Hotel Alborán, 25 años
Fue inaugurado el 23 de agosto de 1990 y desde entonces se ha convertido en uno de los establecimientos señeros de la localidad
EL viajero que se acerca desde Málaga sabe que está en Algeciras cuando, a su derecha, aparece el cartel que le anuncia: Hotel Alborán. Restaurante El Claustro. Los algecireños están familiarizados con este establecimiento pues forma parte de la ciudad desde hace 25 años. Fue inaugurado oficialmente el 23 de agosto de 1990, como nos recuerda Isabel, la gobernanta que no sólo cuida cada detalle de las habitaciones desde entonces, sino que, además, mantiene frescos los recuerdos de aquellos días.
Desde entonces, el edificio, construido junto a la colonia San Miguel, ha visto pasar por su claustro restaurante, sus rincones o salas de reuniones y habitaciones, a tripulantes de barcos que surcan medio mundo, a viajeros en tránsito de otros tantos países europeos que se dirigen a cualquiera de los puntos cardinales; a personas que lo hacen por razones de trabajo y a quienes buscan unos días de descanso. Juntos a ellos muchos algecireños y personas de la comarca guardan sus recuerdos de acontecimientos sociales o familiares celebrados en el hotel. Para todos ellos, la fachada y dependencias de este establecimiento forman parte del paisaje de este rincón que tiene por frente al gran puerto y la bahía abierta al mar como una gran metáfora pues apenas el Peñón es capaz de cerrarla muy ligeramente.
Había realizado mi particular descubrimiento de Algeciras hace ya 40 años, ya que una rama de la familia Sotomayor procedía de la ciudad de las viejas murallas y de los pinares que la rodean. Veníamos cada verano con nuestros hijos pequeños cruzando las Castillas cuyo único mar es el que semejan los trigales, a buscar el mar de verdad. Formábamos parte de una de esas familias numerosas que se reunían en El Rinconcillo, formando largas hileras de sillas por las que corría la información de lo acontecido durante el año a quienes se veían cada verano y tenían la playa como el lugar de pequeñas confesiones y del atrevimiento por adentrarse ligeramente en las fresquitas aguas cuando sopla el poniente.
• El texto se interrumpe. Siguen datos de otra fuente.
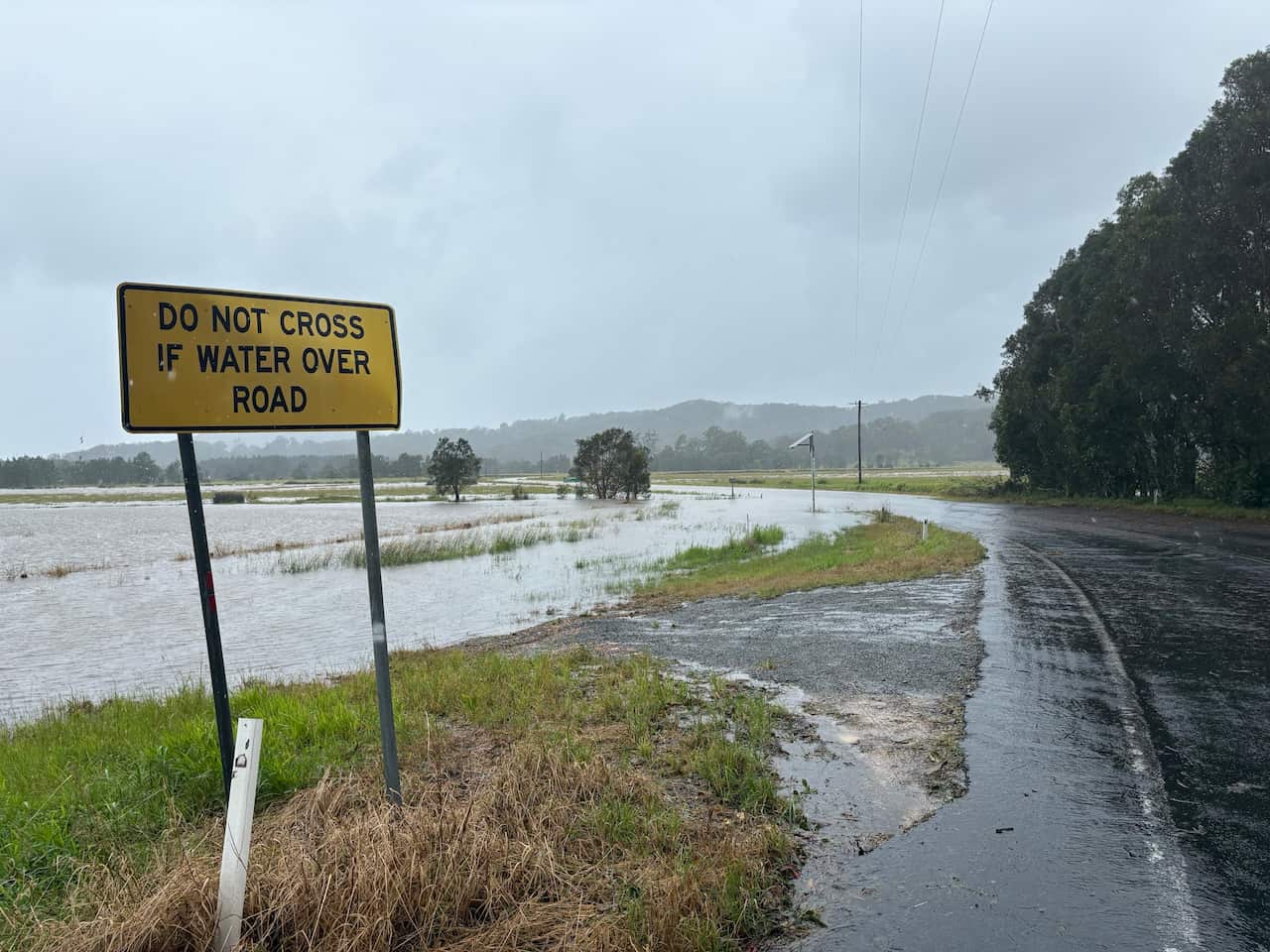 A flooded road next to a sign that warns against crossing dangerous terrain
Fue un poco más tarde, hace dieciocho o diecinueve años cuando descubrimos El Alborán, como cualquiera de esos viajeros que se acercan desde Málaga. Era la fachada repintada de ese color que contrasta tanto con el azul añil del cielo algecireño como con ese suave blanco pálido de la arena de sus playas. Un azar nos ayudó a traspasar por vez primera la puerta. No hemos faltado a nuestra cita desde entonces al menos unos cuantos días cada verano. Algo difícil de expresar nos sedujo de aquel encuentro sobre el que nació un sentimiento que se llama fidelidad.
Nos contaba, hace algún tiempo, Guillermo, veterano camarero del claustro, ya jubilado, cómo veía gratamente sorprendido a los chicos, ya medio crecidos, leer el Europa Sur sentados en los sillones que ocupan la parte baja del hotel, tras el desayuno.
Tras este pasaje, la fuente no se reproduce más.